The journey here felt so solitary and final. The road leads to a hidden track on top of the cliff that soon comes to an abrupt dead end. From there, the only two options to get down to BlacksandBay are a three-hundred-foot fall to certain death or a steep, rocky path to the sandy dunes below. The path has almost completely crumbled away in places, so it’s best to watch your step. Despite all the years I have been coming here, to me, Blacksand Bay is still the most beautiful place in the world.

The late-afternoon sun is already low in the hazy blue sky, and the sound of the sea is like an old familiar soundtrack, one I have missed listening to. There is nothing and nobody else for miles. All I can see is the sand, and the ocean, and the sky. And Seaglass, perched on its ancient stone foundations in the distance, waves crashing against the rocks it was built on.

Having safely reached the bottom of the cliff, I remove my shoes and enjoy the sensation of sand between my toes. It feels like coming home. I ignore the rusty old wheelbarrow, left here to help us transport ourselves and our things to the house. I travel light these days. People rarely need the things they think they need in order to be happy.
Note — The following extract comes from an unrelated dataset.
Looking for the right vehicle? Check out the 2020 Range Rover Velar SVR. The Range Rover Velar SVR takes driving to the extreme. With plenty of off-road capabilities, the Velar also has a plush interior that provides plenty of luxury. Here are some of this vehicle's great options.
I start the long walk across the natural sandy causeway that joins Seaglass’s tidal island to the mainland. The house is only accessible when the tide is out, and is completely cut off from the rest of the world at all other times. Nana always preferred books to people, and her wish to be left alone with them has been mostly granted, and almost guaranteed, by living in such an inaccessible place.
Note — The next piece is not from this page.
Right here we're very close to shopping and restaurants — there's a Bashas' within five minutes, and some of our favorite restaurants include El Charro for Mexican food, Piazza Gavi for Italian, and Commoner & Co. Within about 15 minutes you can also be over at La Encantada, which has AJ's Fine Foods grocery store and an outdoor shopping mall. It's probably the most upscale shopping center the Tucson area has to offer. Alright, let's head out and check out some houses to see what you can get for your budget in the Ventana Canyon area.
The invisible shipwrecks of my life are scattered all over this secluded bay with its infamous black sand. They are a sad reminder of all the journeys I was too scared to make. Everyone’s life has uncharted waters—the places and people you didn’t quite manage to find—but when you feel as though you never will, it’s a special kind of sorrow. The unexplored oceans of our hearts and minds are normally the result of a lack of time and trust in the dreams we dreamed as children. But adults forget how to believe that their dreams might still come true.

I want to stop and savor the smell of the ocean, enjoy the feel of the warm afternoon sun on my face and the westerly wind in my hair, but time is a luxury I can no longer afford. I didn’t have very much of it to spend in the first place. So I hurry on, despite the damp sand clinging to the soles of my feet as though trying to stop me in my tracks, and the seagulls that soar and squawk above my head as if trying to warn me away. The sound of their cries translates into words I don’t want to hear inside my head:

Go back. Go back. Go back.

I ignore all the signs that seem to suggest that this visit is a bad idea, and walk a little faster. I want to arrive earlier than the rest of them to see the place as it exists in my memories, before they spoil things. I wonder if other people look forward to seeing their families but dread it at the same time the way I always seem to. It will be fine once I’m there. That’s what I tell myself. Though even the thought feels like a lie.

The wind chimes that hang in the decrepit porch try to welcome me home, with a melancholy melody conducted by the breeze. I made them for my nana one Christmas when I was a child—having collected all the smooth, round pieces of blue and green glass I could find on the beach. She pretended to like the gift, and the seaglass wind chimes have been here ever since. The lies we tell for love are the lightest shade of white.